LEGGI ANCHE > Meta rende esplicito che Facebook e Instagram non hanno intenzione di lasciare l’Europa
Trasferimento dati Meta, cosa può fare per non abbandonare l’Europa
Tuttavia, la decisione andrà presa e non si potrà semplicemente giocare sui ritardi della burocrazia dei vari Paesi membri dell’Unione Europea. Anche perché diversi regolatori della privacy, in vari stati, stanno già prendendo dei provvedimenti analoghi. Qualche settimana fa, ad esempio, vi avevamo spiegato la decisione del Garante della Privacy italiano riguardo a Google Analytics (anche in quel caso c’è un lasso di tempo per uniformarsi, tempo che sta scorrendo senza che però si intravedano all’orizzonte delle soluzioni alternative): anche in quel caso, l’oggetto del contendere è quello del trasferimento dei dati di diversi utenti che consultano i vari siti web che utilizzano il sistema di conteggio analitico di Google dall’UE agli Usa.
E allora ci sono due strade: quella della pressione politica o quella dell’adeguamento radicale delle infrastrutture. Probabilmente fiduciosi rispetto alle dichiarazioni congiunte di Ursula von der Leyen e di Joe Biden sulla comunicazione di dati tra UE e Usa, Meta e gli altri colossi Big Tech americani hanno temporeggiato, aspettando una soluzione politica al problema. Ma se questa decisione non dovesse arrivare, l’unico modo per continuare a operare in Europa – senza sanzioni e senza problemi – è fare in modo che Meta possa costruire all’interno dei confini dell’Unione dei data center abbastanza capienti all’interno dei quali veicolare tutti quei dati che, al momento, vengono ancora trasferiti negli Stati Uniti. Una soluzione chiaramente dispendiosa e anche importante dal punto di vista dell’impatto energetico.

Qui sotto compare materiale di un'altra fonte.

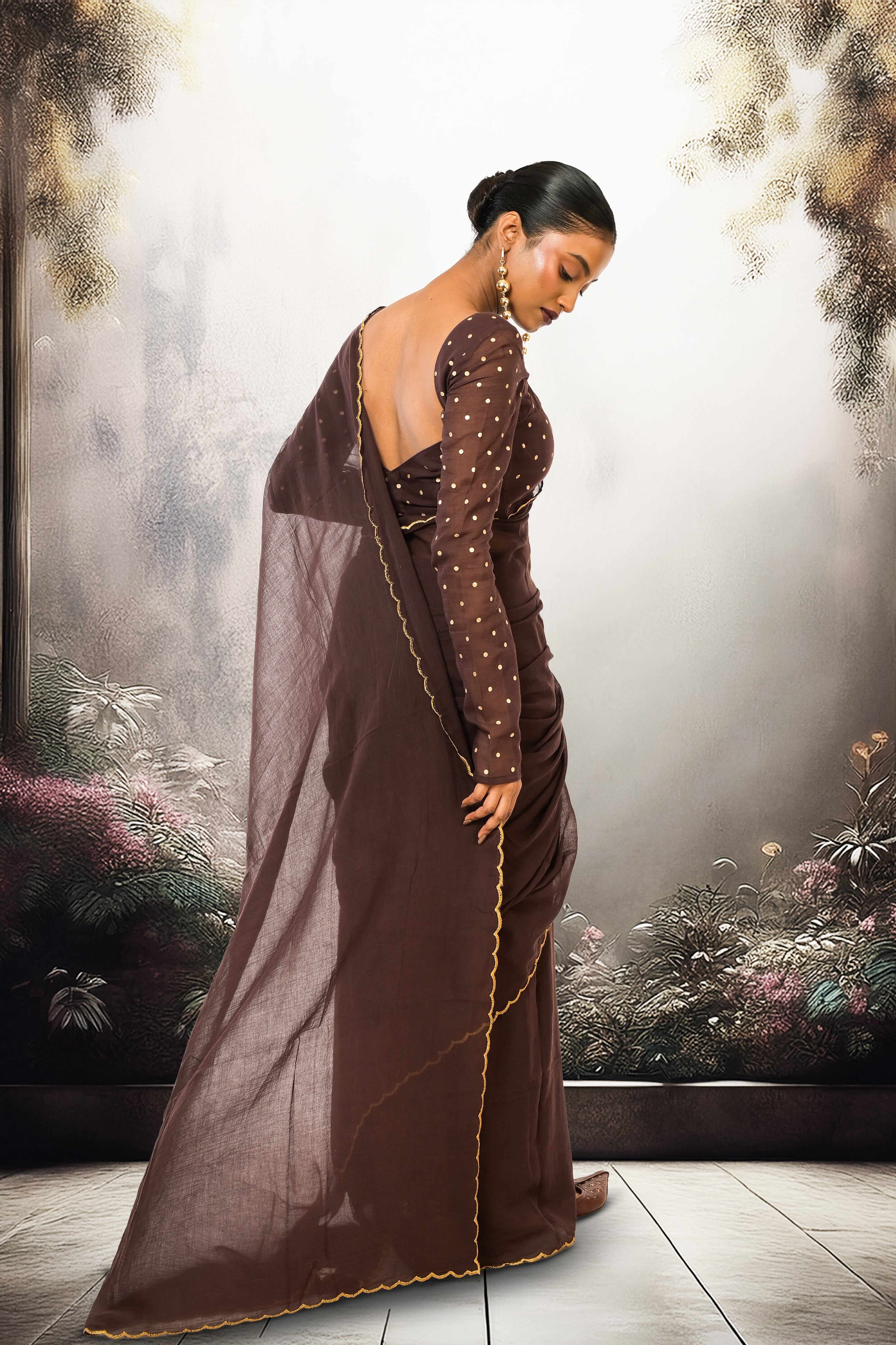 brown-mul-mul-golden-scalloped-saree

L’altra strada è quella della mediazione con le istituzioni europee, attraverso una operazione di lobby che possa magari rendere sostenibili le sanzioni che Meta dovrebbe pagare in caso di violazioni del principio del trasferimento dei dati. Ma anche questa sarebbe una soluzione troppo provvisoria e troppo poco virtuosa. Meta non ha intenzione di lasciare il mercato europeo, anche se sta costantemente spiegando come potrebbe essere costretta a farlo. Questo gioco delle parti, alla lunga, sarà conveniente per tutti?